Un sondaggio pubblicato lo scorso fine settimana ha mostrato che la maggioranza dei greci ritiene che le decisioni adottate siano negative. Solo il 12,6% considera positivo l’accordo cui sono giunti i leader UE. Il sondaggio, condotto dall’istituto Kapa Research per il quotidiano To Vima, è stato condotto su un campione di 1.009 persone.

Incomprensione e costernazione prevalgono nella zona euro dopo la decisione inaspettata e destabilizzante del primo ministro greco George Papandreou. A due giorni dal summit del G20.
L’indizione del referendum sta sollevando molte domande.
Ad Atene, l’opposizione ha accusato il capo del governo socialista di «giocare a dadi» il futuro del Paese, nel tentativo di salvare se stesso. «Il paese sarà paralizzato da dibattiti senza fine, il governo, l’apparato statale e le istituzioni non funzioneranno più», scrive il quotidiano conservatore Kathimerini. Sui mercati finanziari, l’idea del referendum ha gettato le Borse in rosso.

I leader della zona euro hanno concordato, dopo il loro vertice del 26 ottobre a Bruxelles di prestare 130 miliardi di euro alla Grecia e ottenuto dai creditori privati un haircut del 50% sui titoli greci in loro possesso. In particolare, i leader dell’UE hanno raggiunto un accordo per eliminare una parte del debito greco attualmente pari a oltre 350 miliardi di euro, un livello considerato insostenibile. L’accordo con le banche comporterà una perdita che ammonta a cento miliardi di euro. Atene riceverà anche nuovi prestiti internazionali per 100 miliardi di euro. Inoltre, altri 30 miliardi saranno riservati alle banche greche, i maggiori detentori di obbligazioni sovrane greche.

La contropartita per la Grecia è accettare controlli più severi sulla politica di bilancio, fino ad ora controllata, con cadenza trimestrale, dalla squadra della «troika», formata dai rappresentati dei tre principali creditori del paese: Unione europea, Banca centrale europea e Fondo monetario internazionale.

Che cosa vuole Papendréou? Annunciando la sua decisione di voler consultare il popolo, attraverso l’indizione di un referendum nei primi mesi del 2012, George Papandreou ha spiegato di aver bisogno di un ampio supporto politico alle misure di austerità e alle riforme strutturali necessarie e, soprattutto, pretese dai suoi finanziatori. In altre parole, se i Greci non lo vogliono, non sarà adottato, ha detto il Primo Ministro davanti al gruppo parlamentare del Partito Socialista (PASOK), nella notte di Lunedì.
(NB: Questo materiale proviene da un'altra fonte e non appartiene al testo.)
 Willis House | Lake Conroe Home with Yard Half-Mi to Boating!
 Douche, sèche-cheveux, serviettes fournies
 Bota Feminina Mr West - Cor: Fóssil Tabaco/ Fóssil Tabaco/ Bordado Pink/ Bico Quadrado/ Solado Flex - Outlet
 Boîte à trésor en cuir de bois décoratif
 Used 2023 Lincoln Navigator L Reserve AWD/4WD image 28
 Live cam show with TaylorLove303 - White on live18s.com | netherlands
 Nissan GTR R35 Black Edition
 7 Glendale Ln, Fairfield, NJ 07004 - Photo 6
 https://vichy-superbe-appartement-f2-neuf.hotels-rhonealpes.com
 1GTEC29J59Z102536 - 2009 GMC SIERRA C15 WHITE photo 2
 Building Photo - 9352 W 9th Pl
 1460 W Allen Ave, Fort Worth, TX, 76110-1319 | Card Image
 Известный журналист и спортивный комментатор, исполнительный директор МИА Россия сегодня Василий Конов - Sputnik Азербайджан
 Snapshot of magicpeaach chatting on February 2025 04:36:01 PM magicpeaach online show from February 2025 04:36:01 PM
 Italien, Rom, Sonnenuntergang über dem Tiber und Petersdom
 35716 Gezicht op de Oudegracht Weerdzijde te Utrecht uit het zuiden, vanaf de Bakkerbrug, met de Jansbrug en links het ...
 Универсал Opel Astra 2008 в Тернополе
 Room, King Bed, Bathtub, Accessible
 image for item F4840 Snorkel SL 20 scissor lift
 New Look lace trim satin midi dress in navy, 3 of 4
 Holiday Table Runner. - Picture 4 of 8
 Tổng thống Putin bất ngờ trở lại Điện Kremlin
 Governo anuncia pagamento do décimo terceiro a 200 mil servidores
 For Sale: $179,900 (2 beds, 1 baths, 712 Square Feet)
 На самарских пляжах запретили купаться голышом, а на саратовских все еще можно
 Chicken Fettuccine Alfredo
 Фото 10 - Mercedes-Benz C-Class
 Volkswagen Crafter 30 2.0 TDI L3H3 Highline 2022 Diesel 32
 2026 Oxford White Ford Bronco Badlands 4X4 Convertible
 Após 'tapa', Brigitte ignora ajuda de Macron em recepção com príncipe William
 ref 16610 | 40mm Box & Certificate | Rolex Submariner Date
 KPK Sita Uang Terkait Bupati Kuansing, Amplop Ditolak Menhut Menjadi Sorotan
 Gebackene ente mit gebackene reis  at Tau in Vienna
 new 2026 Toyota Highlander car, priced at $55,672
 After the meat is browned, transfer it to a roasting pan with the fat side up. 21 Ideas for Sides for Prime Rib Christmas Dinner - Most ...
La sfida del primo ministro greco è stata lanciata in un momento in cui il paese entra in una serie di negoziati tecnici molto sensibili con i partner europei e le sue banche creditrici, che hanno accettato Giovedì scorso lo scambio di obbligazioni greche in loro possesso contro nuovi titoli del valore ridotto del 50%.